По Радио передавали сигналы воздушной и артиллерийской тревоги, читались сводки о военных действиях, звучала человеческая речь, песня, оркестровая музыка, утром и в полночь отбивали время кремлевские куранты, в паузах и после окончания передач включался метроном. Радио должно было работать всегда — таков был закон, и, быть может, самым страшным днем за историю блокады был тот, когда по техническим причинам Радио целых три часа безмолвствовало, не стучал даже метроном. Радио было духовным хлебом осажденного города, оно сплачивало и вдохновляло, вселяло надежду и уверенность в завтрашнем дне, напоминало, что, несмотря на все обрушившиеся на него испытания, Ленинград живет и борется, а за кольцом блокады есть Большая земля.

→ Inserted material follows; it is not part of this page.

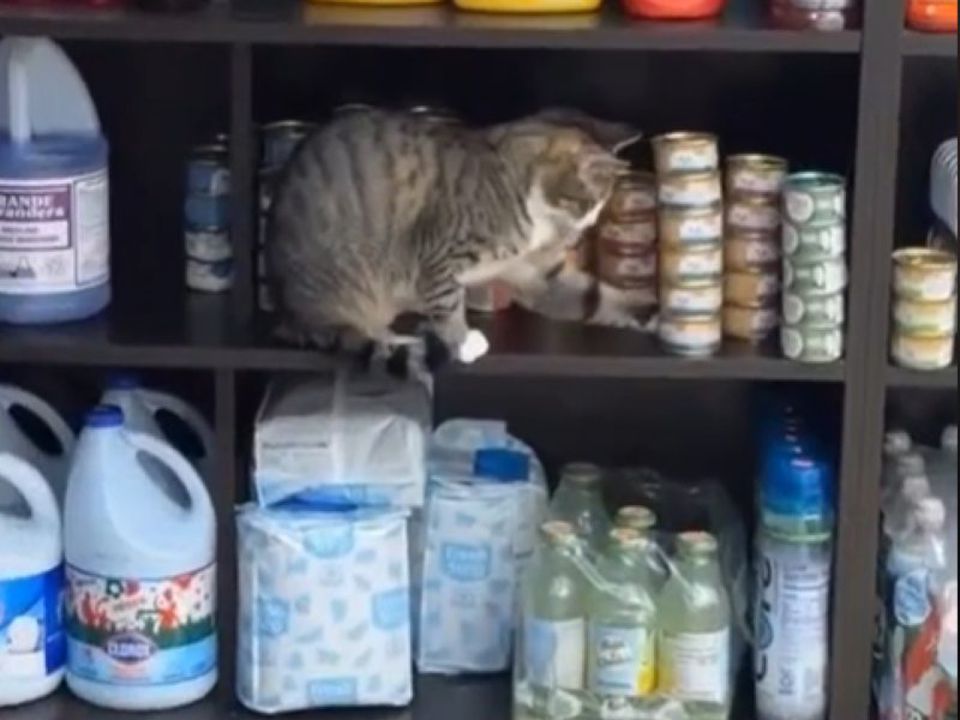 "Підвищення" гарантоване: котик вирішив встановити свій порядок в магазині. Нахабний пухнастик влаштував безлад на полицях крамниці.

В здании Радиокомитета на улице Пролеткульта литераторы — армейские, флотские и гражданские — были своими людьми. Мы выступали с речами, читали стихи, рассказы и очерки. В большинстве случаев нас передавали прямо в эфир, иногда записывали. Магнитофонов тогда еще не было, и запись велась на восковые диски, недалеко ушедшие от валиков эдиссоновского фонографа. Фонограмма получалась достаточно четкой, но очень искажала тембр голоса — нас не узнавали, и мы сами не всегда узнавали себя. Но были два голоса — мужской и женский, — которые узнавали все ленинградцы с первого произнесенного слова. Это были голоса Всеволода Вишневского и Ольги Берггольц.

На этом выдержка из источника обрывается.